サイバーレジリエンス法(CRA)とスイスの動向:デジタル製品の安全性義務

サイバーレジリエンス法(CRA)とスイスの動向:デジタル製品の安全性義務

IoT技術の普及に伴いあらゆる製品がネットワークに接続される現在、デジタル製品のサイバーセキュリティ確保は国際的な急務となっています。欧州連合(EU)で採択されたサイバーレジリエンス法(CRA)は、ハードウェアおよびソフトウェアを対象に設計段階からのセキュリティ確保を義務付ける画期的な規制です。この法規制の影響は欧州経済圏の中核を担うスイスにも波及しており、スイス連邦政府はEUに呼応する形で独自の厳格なサイバーセキュリティ法案の策定を進めています。

本記事では、欧州市場への参入や事業拡大を見据える日本企業に向けて、スイスにおける最新のIoTセキュリティ規制や適合性評価の手続き、日本の法制度との決定的な違い、さらにはハードウェア・ソフトウェアメーカーが直面する新たなコンプライアンスの壁について解説します。

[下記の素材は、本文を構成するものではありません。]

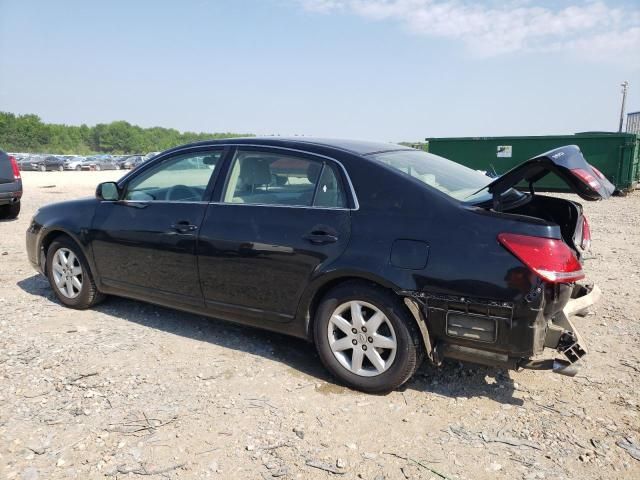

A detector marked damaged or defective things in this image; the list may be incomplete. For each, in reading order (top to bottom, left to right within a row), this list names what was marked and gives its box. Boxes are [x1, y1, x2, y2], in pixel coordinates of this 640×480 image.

broken tail light [496, 233, 584, 284]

欧州サイバーレジリエンス法(CRA)の全体像とスイスにおける法制化の動向

サイバーレジリエンス法が対象とするIoT製品と市場への影響

欧州のサイバーレジリエンス法(CRA)は、デジタル要素を持つすべてのハードウェアおよびソフトウェア製品に対して統一的なサイバーセキュリティ要件を定める包括的な法的枠組みです。この規則の対象範囲は広く、ノートパソコンやスマートフォンといった端末機器だけでなく、スマート家電、産業用制御システム、さらにはファームウェアやオペレーティングシステムなどのソフトウェアコンポーネントまで網羅されています。製品をEU市場で有償無償を問わず提供するすべての事業者は、この法律に従う法的義務を負います。

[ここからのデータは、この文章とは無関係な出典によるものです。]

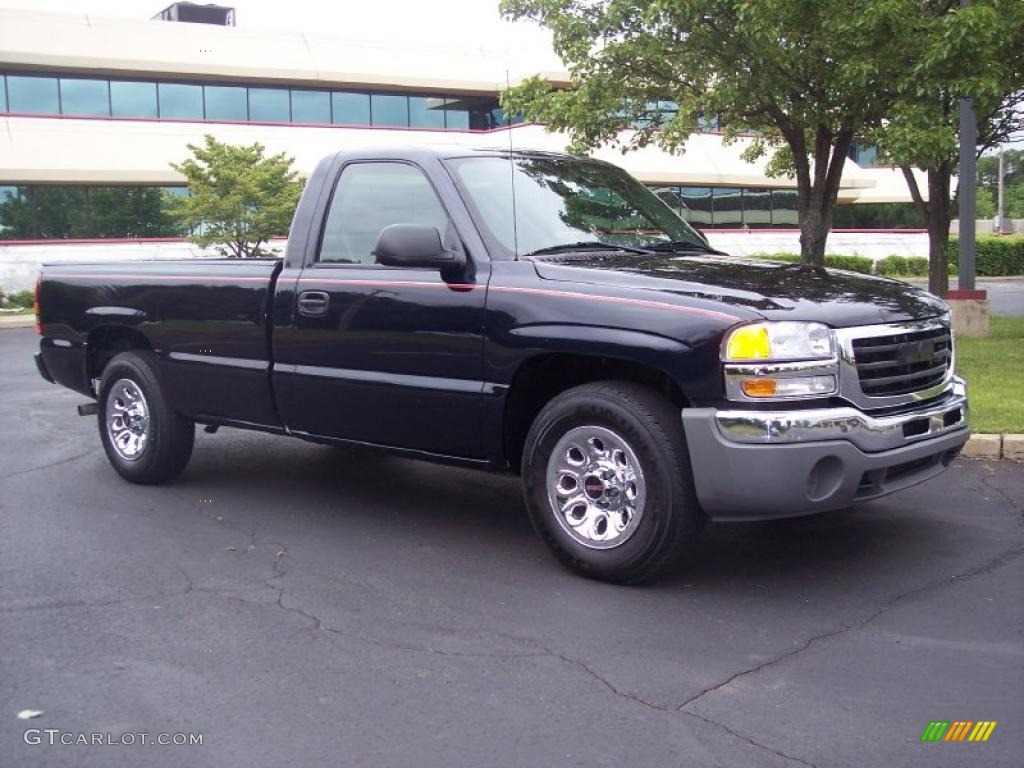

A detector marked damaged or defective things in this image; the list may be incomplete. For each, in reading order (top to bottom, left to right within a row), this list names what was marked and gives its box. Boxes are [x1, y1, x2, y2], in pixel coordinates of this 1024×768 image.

crack in asphalt [675, 540, 1019, 716]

CRAの最大の特徴は、製品のセキュリティ要件を、EU市場での流通を許可する「適合マーク」であるCEマーキングの取得条件と結びつけている点にあります。これにより、セキュリティ基準を満たさない製品は物理的に市場から排除されることになります。規制違反に対しては、(最大)1,500万ユーロまたは全世界の年間売上高の2.5%の罰金(必須サイバーセキュリティ要件違反の場合)という重い制裁が用意されています。法令の適用スケジュールは以下の表の通り段階的に設定されており、企業には迅速な対応体制の構築が求められます。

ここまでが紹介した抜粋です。